Communitech, based in Ontario, Canada, is an example of an ESO that tailors support to the unique strengths and roadblocks of local startups, namely its relatively small domestic market, which limits access to customers and talent. To address these challenges, Communitech launched the Future of X program to help startups acquire national and international corporate customers. Additionally, the Communitech Outposts scheme allows Canadian startups to quickly hire international talent without the typical administrative and legal hurdles. Communitech also recognizes the overall ecosystem benefits of growing local startups into billion-dollar scaleups, and in 2022 inaugurated the True North Fund to support innovative Canadian startups that have the highest probability of reaching $1 billion in revenue.
Similarly, DutchBaseCamp helps high potential regional startups break into international markets through a 12-week “Globaliser” accelerator. Startups based in the Netherlands often quickly run into the limits of gaining domestic customers and must expand overseas to remain viable. Participants in the accelerator compare several potential markets and validate their strategies with help from mentors experienced in overseas sales. The program offers several different sessions based on industry, including the Agtech stream, which has launched 35 companies. Success stories include In Ovo and foamplant, which have raised substantial funding rounds and received strong valuations.

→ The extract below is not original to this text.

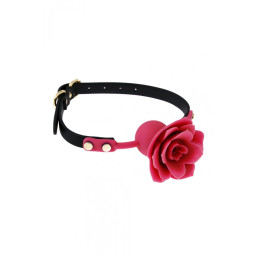 Intime-et-Sens Loveshop 89 Baillon boule fleure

Creating New ESO Funding Models
In today's economic climate, financial sustainability is critical for ESO programs and the overall program portfolio. Slower economies and reduced tax revenues put pressure on public funding. Furthermore, political leadership and budgets are subject to periodic change, resulting in disruption to ESO funding and performance. Traditional sources of program income, particularly those related to traditional real estate models, have become less attractive since the pandemic. ESOs need to be prepared to pivot accordingly and to develop different and more diversified income streams.
Therefore, rather than launching more broad-based ESOs that primarily help early-stage founders regardless of subsector, stakeholders should instead assess the particular strengths and challenges of their ecosystem to determine how their ESOs can best maximize opportunities.
In our opinion, it is a critical task for ecosystem leaders and policymakers involved in ecosystem development to review and to develop ESO portfolios regularly, to track individual program performance, and to drive ESO strategy and change management. Doing so will ensure that we are prepared for the future and can continue to support the ecosystem and our entrepreneurs as they continue to grow and to evolve.